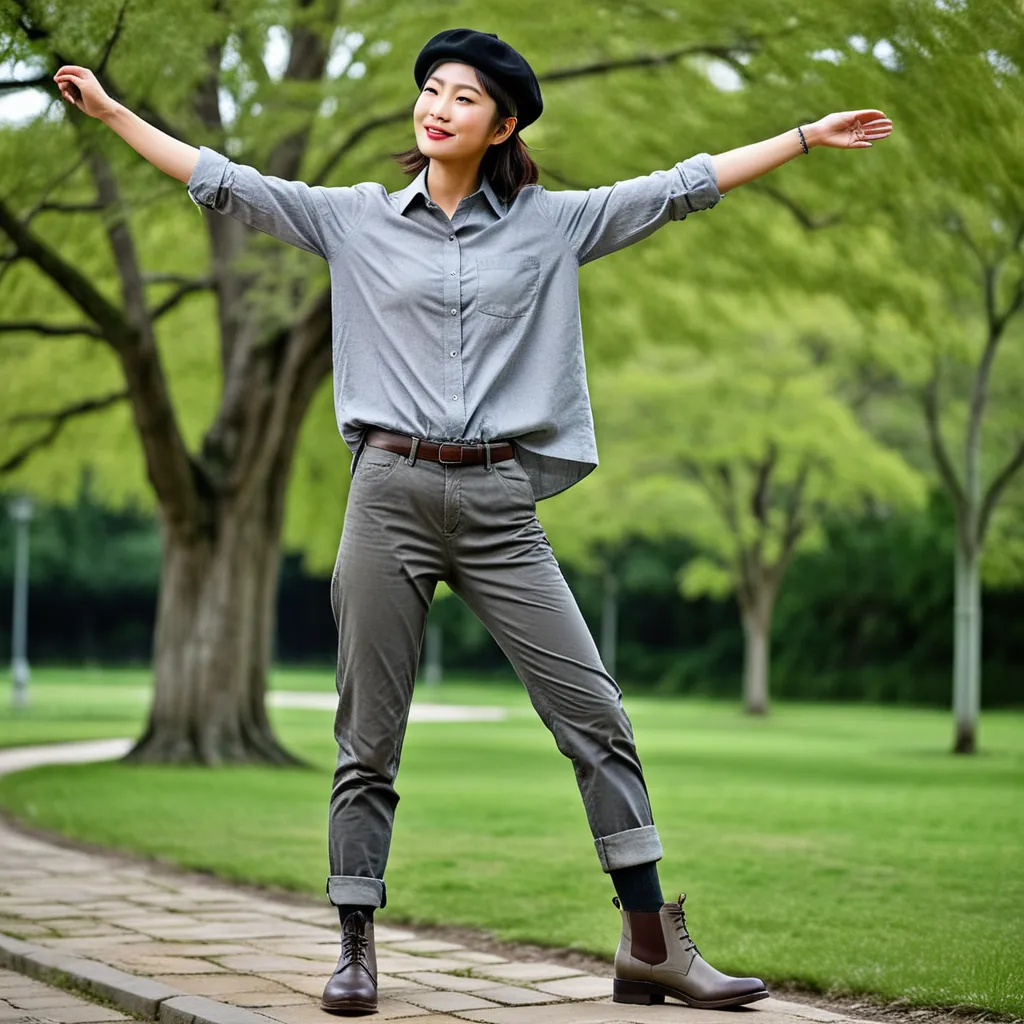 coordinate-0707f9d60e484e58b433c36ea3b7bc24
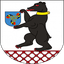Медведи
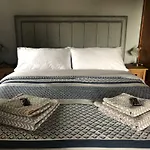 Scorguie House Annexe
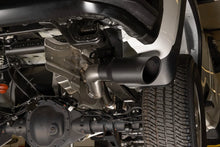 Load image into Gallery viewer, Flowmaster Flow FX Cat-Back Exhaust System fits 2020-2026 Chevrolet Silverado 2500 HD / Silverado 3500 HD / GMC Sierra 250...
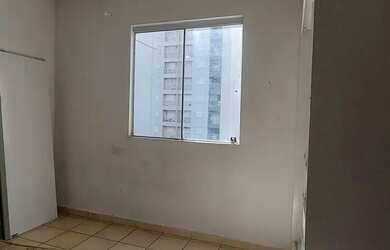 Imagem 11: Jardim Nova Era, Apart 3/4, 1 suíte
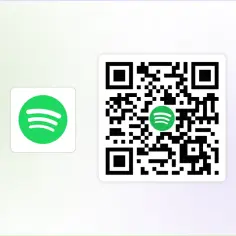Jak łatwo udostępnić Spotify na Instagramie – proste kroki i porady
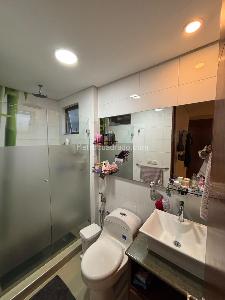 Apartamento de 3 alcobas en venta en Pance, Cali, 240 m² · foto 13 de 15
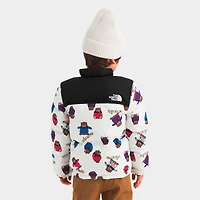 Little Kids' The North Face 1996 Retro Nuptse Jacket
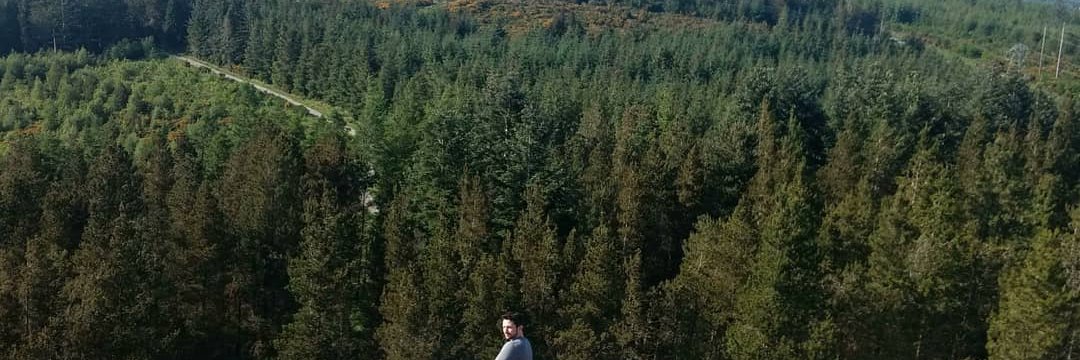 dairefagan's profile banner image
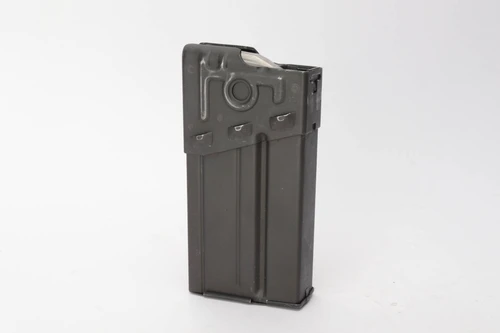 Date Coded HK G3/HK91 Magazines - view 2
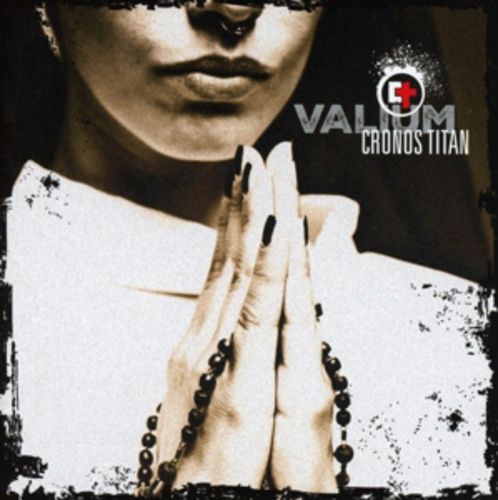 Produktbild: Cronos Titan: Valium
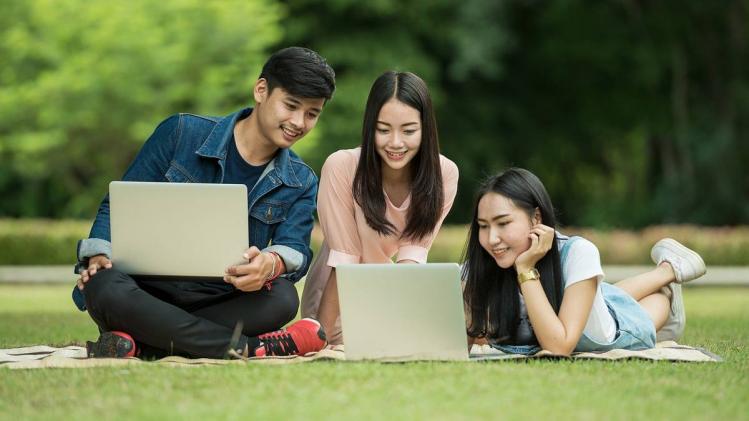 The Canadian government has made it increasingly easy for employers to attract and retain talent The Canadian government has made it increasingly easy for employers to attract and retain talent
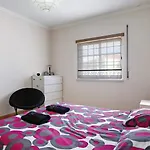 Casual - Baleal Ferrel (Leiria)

* * *

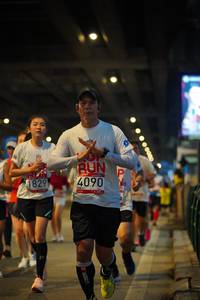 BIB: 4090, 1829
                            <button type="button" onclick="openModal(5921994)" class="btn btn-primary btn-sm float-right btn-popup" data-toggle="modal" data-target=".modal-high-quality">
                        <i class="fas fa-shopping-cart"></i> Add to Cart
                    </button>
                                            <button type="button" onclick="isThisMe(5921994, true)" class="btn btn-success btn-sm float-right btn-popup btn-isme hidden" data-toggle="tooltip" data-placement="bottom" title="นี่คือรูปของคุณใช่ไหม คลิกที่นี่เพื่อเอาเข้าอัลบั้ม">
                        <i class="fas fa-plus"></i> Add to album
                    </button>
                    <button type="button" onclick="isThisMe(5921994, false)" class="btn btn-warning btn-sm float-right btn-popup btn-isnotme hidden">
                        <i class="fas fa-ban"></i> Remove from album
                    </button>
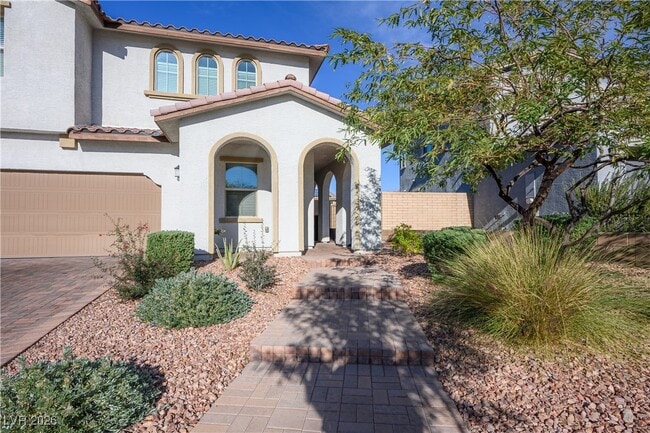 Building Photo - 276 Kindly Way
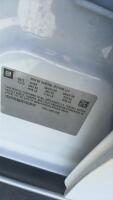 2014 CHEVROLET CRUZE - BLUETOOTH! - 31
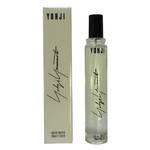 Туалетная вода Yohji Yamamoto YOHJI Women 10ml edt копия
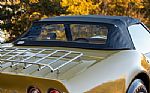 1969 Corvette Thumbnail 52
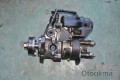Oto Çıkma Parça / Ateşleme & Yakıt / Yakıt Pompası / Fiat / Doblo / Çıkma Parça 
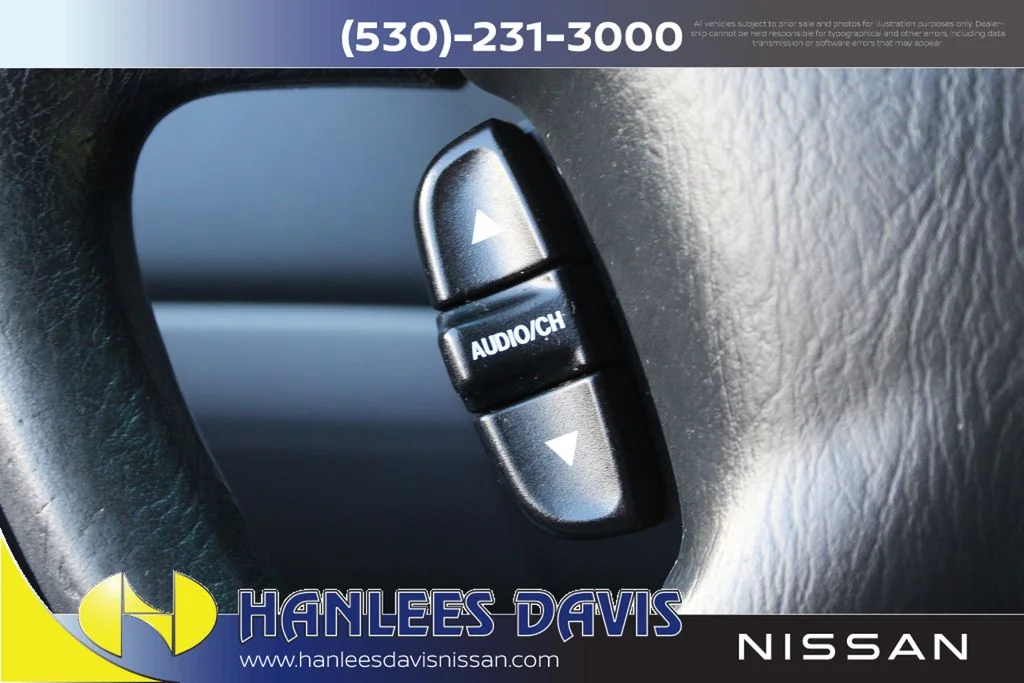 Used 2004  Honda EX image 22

...

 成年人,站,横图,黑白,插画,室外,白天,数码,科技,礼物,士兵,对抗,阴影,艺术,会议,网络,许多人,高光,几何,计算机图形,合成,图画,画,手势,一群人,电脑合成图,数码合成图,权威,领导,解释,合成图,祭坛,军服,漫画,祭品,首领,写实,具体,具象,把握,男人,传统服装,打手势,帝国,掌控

> WHAT THE TASK REQUIRES
Say only how many lines among the entries above contain the string "album".

> YOUR RESPONSE
2